You think Laurel and Yanney are driving you bonkers. Try hearing Mercutio's name butchered no less than 463 times in one day, or listening to the eloquence of Shakespeare's famed balcony scene littered with commentary…."Hark...[hee...hee...hark...what does that mean Mrs. Bell?] what light from yonder window breaks [read at a snail's pace of fluency]? 'Tis [Does that say 'tis Mrs. Bell? What does 'tis mean?] the east and Juliet is the sun...[Mrs. Bell, I do not understand this crap.]
Anyway, as I was saying, I was on the verge of taking a little nip of Romeo's poison myself when I got the bright idea to break up the monotony of stutter-camp 101, by acting out the fight scene between Mercutio and Tybalt complete with nerf swords. As you can imagine, I had lots of volunteers...surprisingly all boys...and one girl who played Romeo.... poor Zayda. Zayda, you were a a good sport and added much humor to Romeo's line regarding the fact that Juliet had made him effeminate and unwilling to fight.
If you think I am the only one who found the humor and irony in her line, then you are wrong. There was me...and now there is you...ha!

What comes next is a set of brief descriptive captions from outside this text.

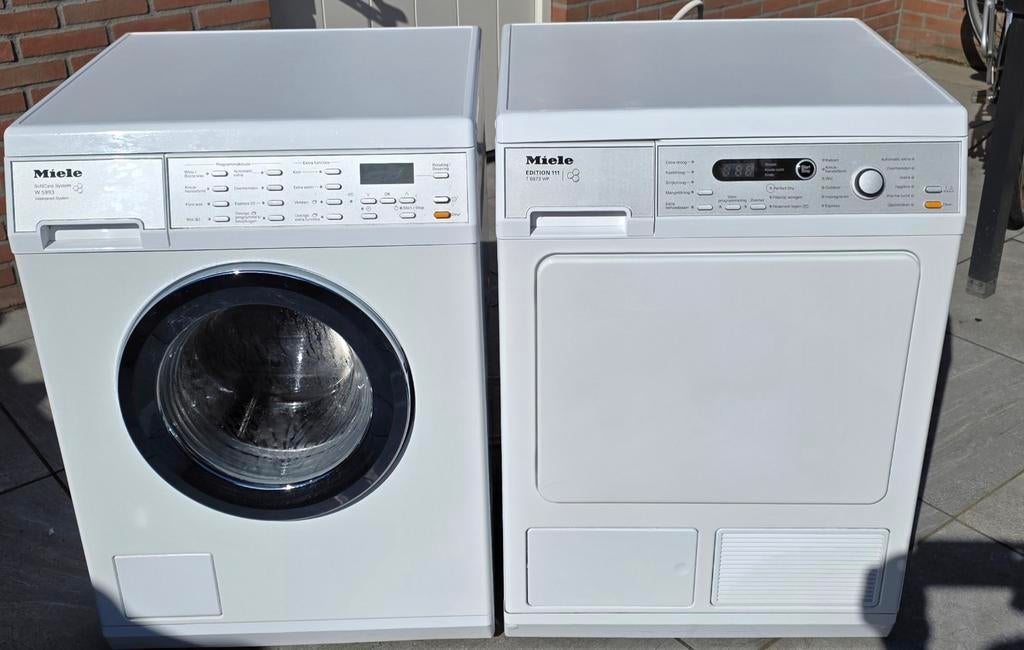 Miele wasmachine W 5993 en warmtepompdroger T 8873 WP, Ophalen, Gebruikt, 8 tot 10 kg, Handwasprogramma
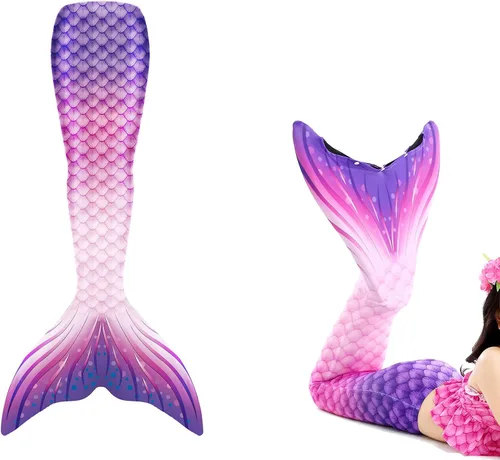 Vista 3 de Hulaha Vestido de sirena para mujer con cola de sirena a juego para niñas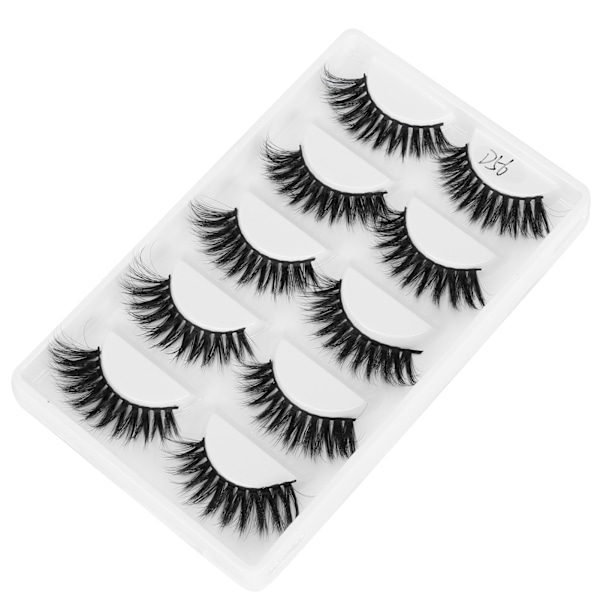 5 par tykke tette falske vipper Tredimensjonale lange krøllete falske øyevipper Makeup Tool(D56)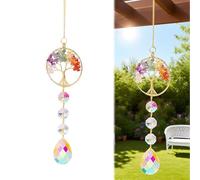 AHRLIC Chakra Crystal Tree of Life Hanging Ornament with 7 Chakra Colourful Gemstones | Natural Crystal Sun Catcher for Window Garden Wall | Chakra-Inspired Ornament Gift for Women Men Friends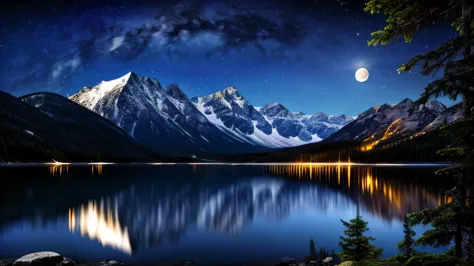 full moon night, mountain, lake, forest. moonlight,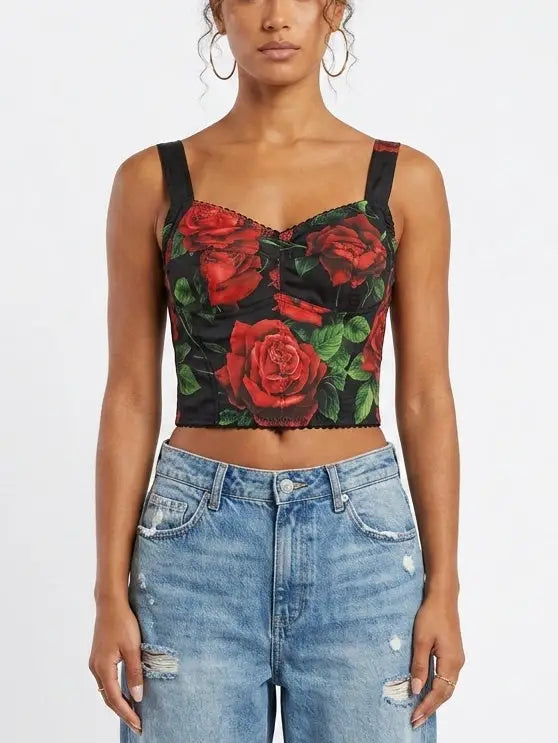 Red Rose Print Bustier Crop Top - Tops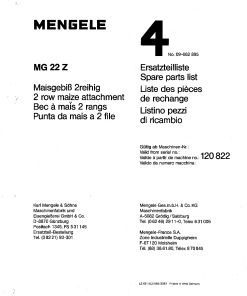 Mengele 4MG_22Z Parts manual catalog PDF Download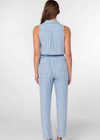 Velvet Heart Orilia Jumpsuit.Expertly crafted for effortless style, the Orilia Light Blue Jumpsuit features a sleeveless design and a half-button closure for a chic and minimal look. A drawstring waist adds a touch of versatility, while flap chest pockets provide functional storage.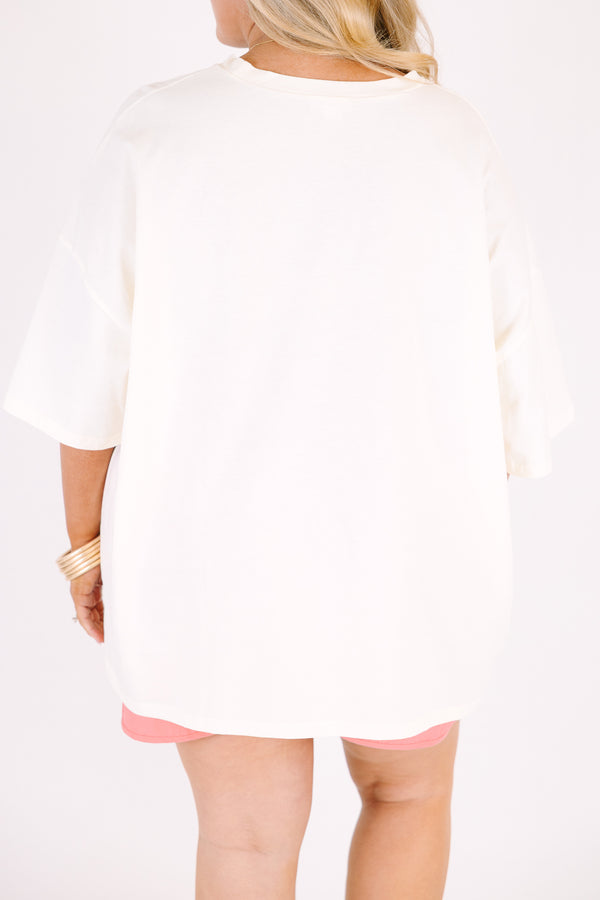 Chic Soul plus size clothing, ivory short sleeve graphic tee with the saying 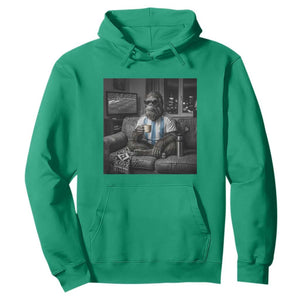 Funny Bigfoot Watching Soccer Hoodie Argentina Futbol Fan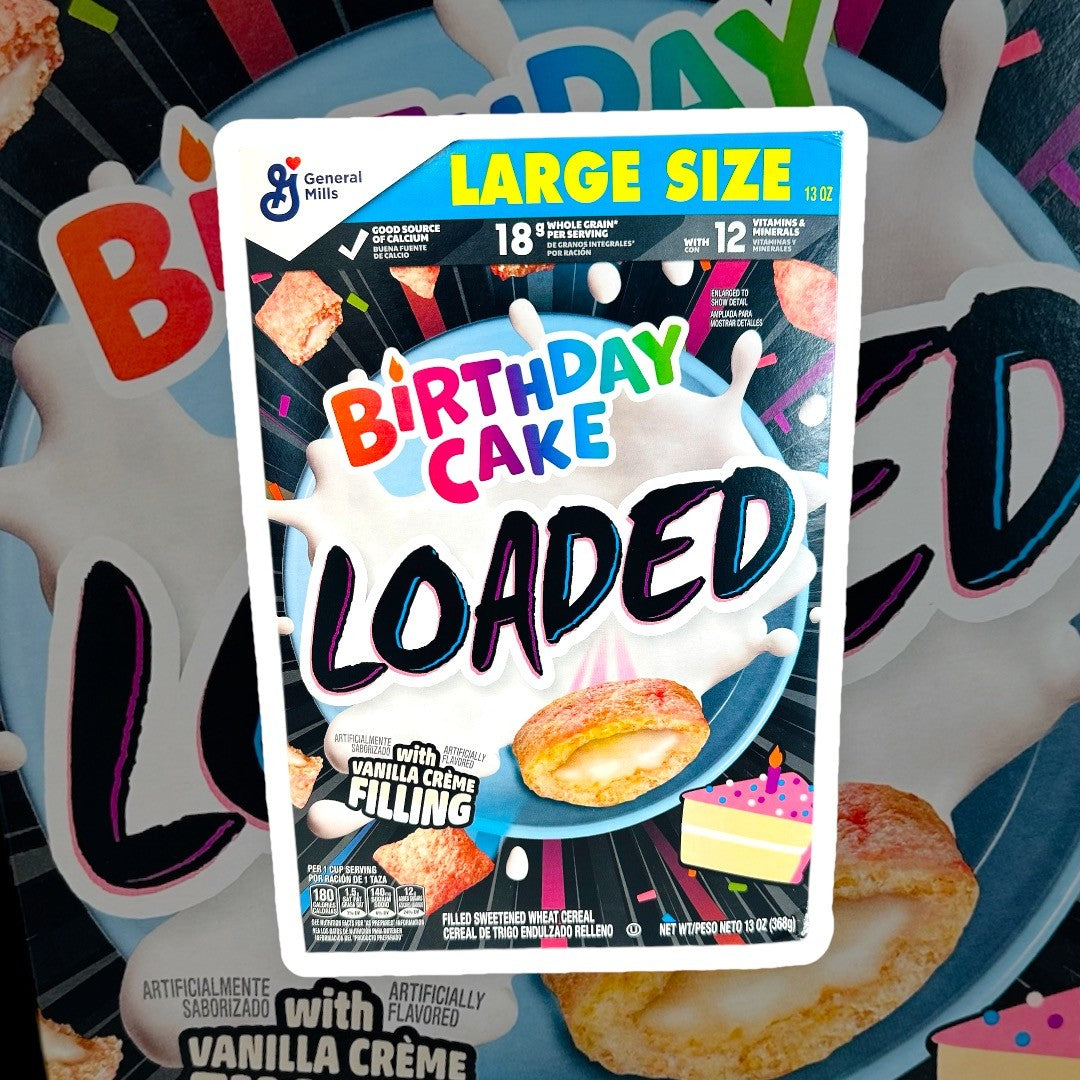 General Mills Loaded Birthday Cake With Creme Filling Cereal Box Large Size 368g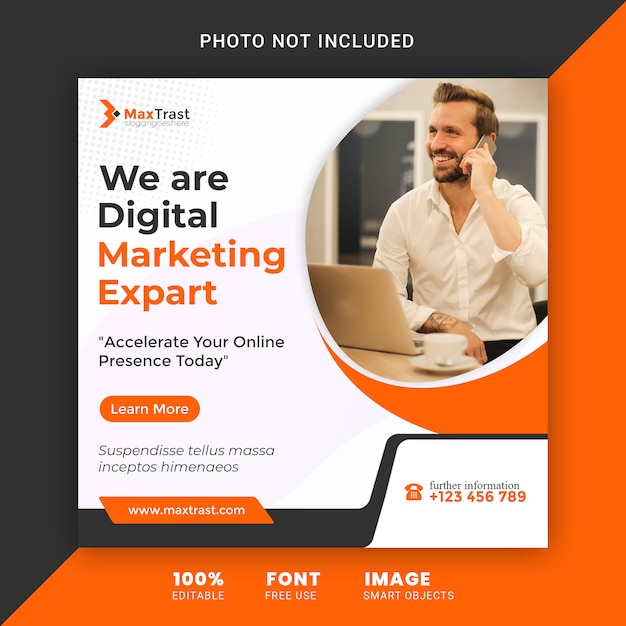 Digital marketing agency social media banner template post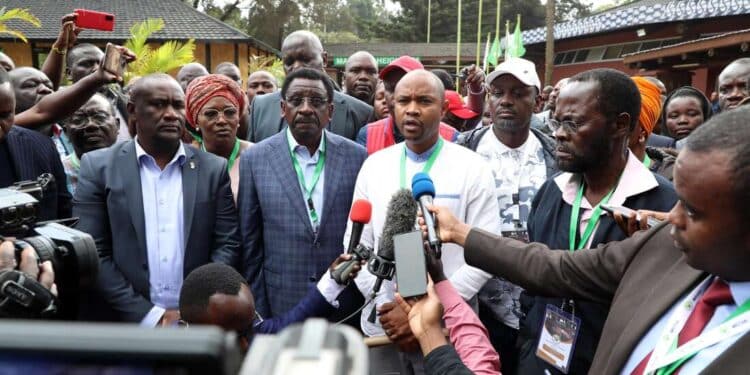 Azimio leaders led by National agent Saitabao Ole Kanchory addressing the media at Bomas of Kenya on Monday, August 15, 2022. Photo/Courtesy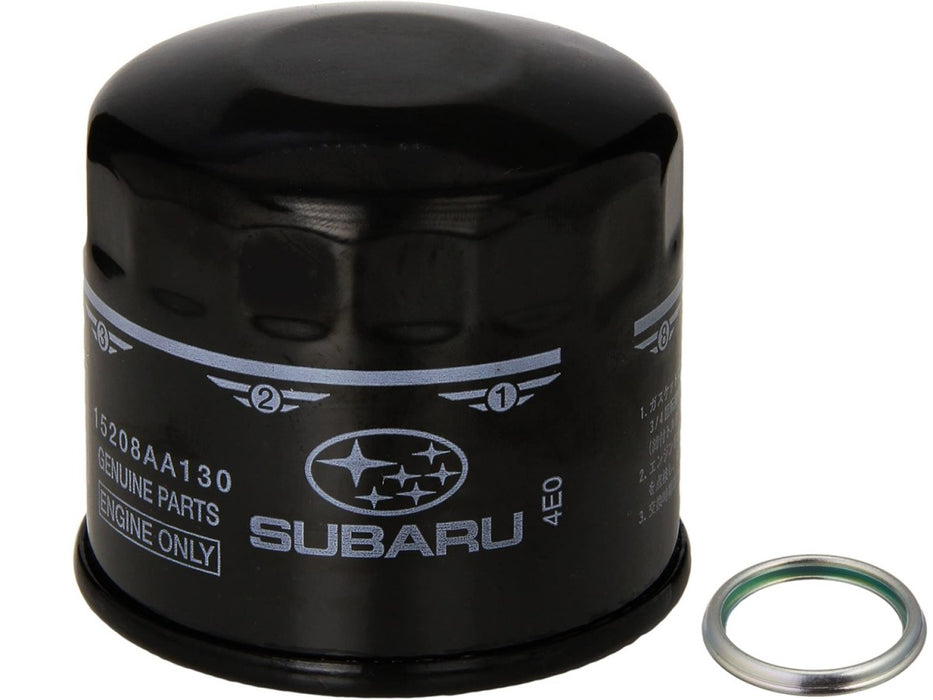 Black Subaru oil filter with a metal gasket on a white background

All of this to say, they did indeed act out the scene, and as you can imagine the swashing blows did become more physical than I had anticipated...first time teaching freshmen. However, I am proud to report, we only had two minor injuries, (none of which drew blood). Keaton and Michial, I hope you are both recovering well, and for the record, you two will forever go down in my book as heroes who fought valiantly. I will never, ever forget your bravery in jousting. Truthfully, I don't think I have seen my students laugh this hard the entire year, and one thing is for certain, nobody was nodding off from boredom.
Thanks for making each day a fun one (even late May) and for inadvertently learning in the process.